Saat globalisasi mencapai tingkat seperti sekarang, yang ditandai pembagian kerja (division of labor) di antara begitu banyak negara, peringatan Von Mises kian terasa nyata. Suatu produk tak bisa dirakit karena sebagian komponennya gagal terkirim gara-gara jalur distribusi dari negara pembuat komponen itu terganggu perang. Harga komoditas juga melonjak akibat ancaman gangguan pada jalur kapal laut.
Pertanyaannya, mengapa perang tetap menjadi pilihan walaupun disadari mengganggu perekonomian? Bagi Presiden Rusia Vladimir Putin, mungkin tidak ada pilihan selain berperang untuk memastikan tujuannya tercapai. ”Operasi militer” Moskwa di Ukraina dinilai tak terelakkan jika hendak membuat Rusia aman dari ancaman langsung militer Barat.
Buntut dari serangan ke Ukraina, antara lain, deretan sanksi yang dijatuhkan Barat kepada Rusia. Dampaknya dirasakan pula oleh negara-negara lain. Dengan kata lain, dampak ekonomi dari perang Ukraina tak hanya dirasakan negara penyerang serta negara yang diserang, tetapi juga pihak-pihak lain yang berada jauh dari lokasi konflik bersenjata itu. Maka, perang Ukraina harus segera berhenti.

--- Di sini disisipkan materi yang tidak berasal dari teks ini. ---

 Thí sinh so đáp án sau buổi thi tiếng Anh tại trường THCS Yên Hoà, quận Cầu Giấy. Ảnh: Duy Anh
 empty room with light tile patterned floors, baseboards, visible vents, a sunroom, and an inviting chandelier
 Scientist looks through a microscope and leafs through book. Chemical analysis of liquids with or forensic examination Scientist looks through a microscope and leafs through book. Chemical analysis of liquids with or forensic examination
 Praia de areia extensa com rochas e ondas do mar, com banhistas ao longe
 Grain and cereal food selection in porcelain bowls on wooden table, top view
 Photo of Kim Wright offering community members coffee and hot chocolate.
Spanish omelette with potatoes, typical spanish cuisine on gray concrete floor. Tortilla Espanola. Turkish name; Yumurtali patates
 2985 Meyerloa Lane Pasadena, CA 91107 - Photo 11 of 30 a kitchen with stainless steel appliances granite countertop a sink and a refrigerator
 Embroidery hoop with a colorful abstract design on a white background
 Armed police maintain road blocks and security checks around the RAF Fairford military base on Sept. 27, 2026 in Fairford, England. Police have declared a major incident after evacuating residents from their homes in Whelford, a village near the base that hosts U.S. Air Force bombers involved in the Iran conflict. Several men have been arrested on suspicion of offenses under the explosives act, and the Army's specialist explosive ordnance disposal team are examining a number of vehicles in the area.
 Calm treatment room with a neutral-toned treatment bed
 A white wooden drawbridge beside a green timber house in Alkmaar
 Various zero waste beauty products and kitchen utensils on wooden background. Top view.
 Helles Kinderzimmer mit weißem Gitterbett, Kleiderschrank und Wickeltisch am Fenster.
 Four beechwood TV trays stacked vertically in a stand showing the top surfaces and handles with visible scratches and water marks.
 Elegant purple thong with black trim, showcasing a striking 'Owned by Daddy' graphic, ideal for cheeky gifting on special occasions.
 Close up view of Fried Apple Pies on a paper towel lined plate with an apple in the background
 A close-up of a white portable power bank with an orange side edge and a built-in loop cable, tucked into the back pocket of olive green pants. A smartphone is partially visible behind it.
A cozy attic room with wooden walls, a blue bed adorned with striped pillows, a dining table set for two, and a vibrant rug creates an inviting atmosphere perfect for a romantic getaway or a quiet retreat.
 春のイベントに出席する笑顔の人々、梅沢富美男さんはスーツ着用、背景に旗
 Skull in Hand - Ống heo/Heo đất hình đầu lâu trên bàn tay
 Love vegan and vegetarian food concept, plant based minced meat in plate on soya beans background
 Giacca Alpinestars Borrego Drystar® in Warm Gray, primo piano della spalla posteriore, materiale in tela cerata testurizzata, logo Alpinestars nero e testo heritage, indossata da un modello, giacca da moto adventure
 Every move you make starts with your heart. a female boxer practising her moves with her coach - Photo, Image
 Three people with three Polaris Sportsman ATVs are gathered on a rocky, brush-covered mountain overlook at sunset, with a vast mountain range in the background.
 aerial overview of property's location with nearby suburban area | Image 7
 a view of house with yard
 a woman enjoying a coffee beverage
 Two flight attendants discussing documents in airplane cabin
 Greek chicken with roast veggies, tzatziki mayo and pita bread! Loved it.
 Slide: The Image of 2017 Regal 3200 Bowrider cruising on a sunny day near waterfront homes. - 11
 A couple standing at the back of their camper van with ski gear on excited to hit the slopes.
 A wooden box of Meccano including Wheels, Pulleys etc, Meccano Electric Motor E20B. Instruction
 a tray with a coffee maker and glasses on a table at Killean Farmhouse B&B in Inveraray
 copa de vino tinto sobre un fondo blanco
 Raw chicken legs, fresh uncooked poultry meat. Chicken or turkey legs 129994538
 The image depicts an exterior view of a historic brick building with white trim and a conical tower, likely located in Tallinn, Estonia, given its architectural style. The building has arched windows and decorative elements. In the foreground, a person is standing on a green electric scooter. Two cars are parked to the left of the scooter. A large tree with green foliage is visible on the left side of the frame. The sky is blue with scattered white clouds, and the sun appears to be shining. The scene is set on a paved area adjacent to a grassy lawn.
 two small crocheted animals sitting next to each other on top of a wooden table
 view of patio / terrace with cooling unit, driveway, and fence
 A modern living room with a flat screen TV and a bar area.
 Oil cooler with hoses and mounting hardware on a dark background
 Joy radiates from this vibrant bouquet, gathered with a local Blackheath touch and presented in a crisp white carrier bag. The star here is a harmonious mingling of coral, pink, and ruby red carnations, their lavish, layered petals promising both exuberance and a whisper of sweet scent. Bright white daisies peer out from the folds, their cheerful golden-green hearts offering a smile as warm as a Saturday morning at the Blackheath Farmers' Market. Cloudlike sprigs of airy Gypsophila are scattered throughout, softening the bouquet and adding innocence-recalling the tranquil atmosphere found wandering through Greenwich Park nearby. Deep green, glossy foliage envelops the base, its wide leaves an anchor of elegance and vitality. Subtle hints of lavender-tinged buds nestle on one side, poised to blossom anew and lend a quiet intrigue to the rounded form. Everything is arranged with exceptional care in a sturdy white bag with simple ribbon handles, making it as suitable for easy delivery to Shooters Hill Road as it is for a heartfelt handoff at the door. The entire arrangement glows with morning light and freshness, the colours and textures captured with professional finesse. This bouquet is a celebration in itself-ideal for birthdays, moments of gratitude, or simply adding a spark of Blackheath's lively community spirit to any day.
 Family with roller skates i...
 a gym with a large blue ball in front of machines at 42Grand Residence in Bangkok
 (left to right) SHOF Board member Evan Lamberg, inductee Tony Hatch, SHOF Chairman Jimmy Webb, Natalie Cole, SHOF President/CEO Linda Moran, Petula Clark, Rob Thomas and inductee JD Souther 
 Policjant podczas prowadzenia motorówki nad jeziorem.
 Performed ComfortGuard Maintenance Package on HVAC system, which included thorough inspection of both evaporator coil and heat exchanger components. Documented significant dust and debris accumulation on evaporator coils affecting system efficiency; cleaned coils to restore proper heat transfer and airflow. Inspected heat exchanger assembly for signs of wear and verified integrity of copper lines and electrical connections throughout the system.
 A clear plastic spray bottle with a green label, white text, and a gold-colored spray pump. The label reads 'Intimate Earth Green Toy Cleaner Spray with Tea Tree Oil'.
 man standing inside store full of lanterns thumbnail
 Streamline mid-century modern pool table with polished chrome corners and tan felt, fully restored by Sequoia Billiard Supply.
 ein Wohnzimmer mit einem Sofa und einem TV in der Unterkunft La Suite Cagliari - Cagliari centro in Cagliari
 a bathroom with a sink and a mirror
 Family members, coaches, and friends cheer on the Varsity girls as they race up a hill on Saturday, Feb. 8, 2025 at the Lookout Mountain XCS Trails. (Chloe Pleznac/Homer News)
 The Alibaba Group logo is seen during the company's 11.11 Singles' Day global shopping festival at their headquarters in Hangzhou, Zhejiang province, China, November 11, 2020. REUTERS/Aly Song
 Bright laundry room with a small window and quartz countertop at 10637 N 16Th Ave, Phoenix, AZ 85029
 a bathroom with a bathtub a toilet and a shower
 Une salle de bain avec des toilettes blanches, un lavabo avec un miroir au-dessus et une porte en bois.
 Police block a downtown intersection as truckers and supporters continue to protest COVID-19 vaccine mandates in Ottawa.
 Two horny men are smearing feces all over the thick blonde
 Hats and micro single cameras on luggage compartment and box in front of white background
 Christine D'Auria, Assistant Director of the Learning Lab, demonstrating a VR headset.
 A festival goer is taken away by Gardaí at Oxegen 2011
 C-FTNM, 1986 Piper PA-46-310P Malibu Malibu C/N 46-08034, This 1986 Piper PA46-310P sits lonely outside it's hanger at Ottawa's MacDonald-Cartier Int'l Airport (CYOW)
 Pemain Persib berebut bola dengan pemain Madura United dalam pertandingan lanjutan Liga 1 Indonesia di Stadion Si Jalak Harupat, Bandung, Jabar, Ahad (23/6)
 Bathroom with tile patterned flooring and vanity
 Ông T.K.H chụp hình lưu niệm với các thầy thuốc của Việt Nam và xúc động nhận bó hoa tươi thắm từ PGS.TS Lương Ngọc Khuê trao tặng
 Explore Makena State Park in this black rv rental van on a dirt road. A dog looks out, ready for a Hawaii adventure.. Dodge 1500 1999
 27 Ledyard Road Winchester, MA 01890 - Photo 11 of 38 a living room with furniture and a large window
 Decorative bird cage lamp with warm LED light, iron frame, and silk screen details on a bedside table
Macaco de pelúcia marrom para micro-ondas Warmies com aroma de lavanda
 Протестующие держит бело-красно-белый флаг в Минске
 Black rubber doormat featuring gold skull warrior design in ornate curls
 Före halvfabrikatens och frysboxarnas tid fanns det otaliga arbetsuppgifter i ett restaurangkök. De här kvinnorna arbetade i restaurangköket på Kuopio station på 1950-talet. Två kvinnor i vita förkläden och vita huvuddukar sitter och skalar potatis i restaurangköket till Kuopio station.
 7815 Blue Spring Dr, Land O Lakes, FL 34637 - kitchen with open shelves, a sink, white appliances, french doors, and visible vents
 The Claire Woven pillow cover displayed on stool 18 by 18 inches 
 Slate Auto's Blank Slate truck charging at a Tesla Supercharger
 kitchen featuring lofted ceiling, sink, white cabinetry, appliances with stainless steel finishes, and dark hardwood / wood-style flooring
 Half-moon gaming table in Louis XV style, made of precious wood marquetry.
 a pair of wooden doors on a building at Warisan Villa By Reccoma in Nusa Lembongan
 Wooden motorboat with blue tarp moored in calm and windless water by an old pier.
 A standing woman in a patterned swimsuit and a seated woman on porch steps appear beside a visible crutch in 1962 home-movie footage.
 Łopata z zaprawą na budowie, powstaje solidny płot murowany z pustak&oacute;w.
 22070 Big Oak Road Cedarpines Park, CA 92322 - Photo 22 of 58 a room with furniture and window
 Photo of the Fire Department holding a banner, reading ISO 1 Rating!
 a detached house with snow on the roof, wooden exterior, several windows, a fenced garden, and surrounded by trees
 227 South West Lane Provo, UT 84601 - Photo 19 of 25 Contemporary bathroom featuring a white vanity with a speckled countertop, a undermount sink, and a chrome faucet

Turki dan Perancis telah berupaya aktif membantu Rusia serta Ukraina mencapai kata sepakat. Indonesia memiliki pula kesempatan untuk membantu mengakhiri perang. Sebagai Ketua G20, pendekatan dapat dilakukan Indonesia kepada kubu yang berseberangan dengan Rusia di forum itu. Di sisi lain, Indonesia dapat pula mendorong Rusia yang juga anggota G20 untuk lebih terbuka dalam perundingan dengan Ukraina. Namun, hal yang jauh lebih penting untuk diperhatikan ialah tatanan atau kondisi yang melatarbelakangi perang. Tak ada asap tanpa api. Perang tidak meletus begitu saja.
Dengan politik bebas aktif dan dikenal sebagai motor gerakan Non-Blok, Indonesia sepatutnya berperan lebih besar untuk mengurangi ketegangan yang merupakan buah persaingan Amerika Serikat dengan beberapa negara besar. Perang Ukraina salah satu manifestasi persaingan itu. Ada pula persaingan krusial dengan negara lain yang bisa memicu perang.
Perebutan pengaruh inilah yang harus ditemukan jalan keluarnya. Hanya dengan cara itu, ancaman perang ditekan secara maksimal dan perdamaian sejati tercapai sehingga kemajuan serta kesejahteraan terwujud. Seperti disampaikan Von Mises, kemajuan dan kesejahteraan menjadi nyata lewat perdamaian, bukan perang.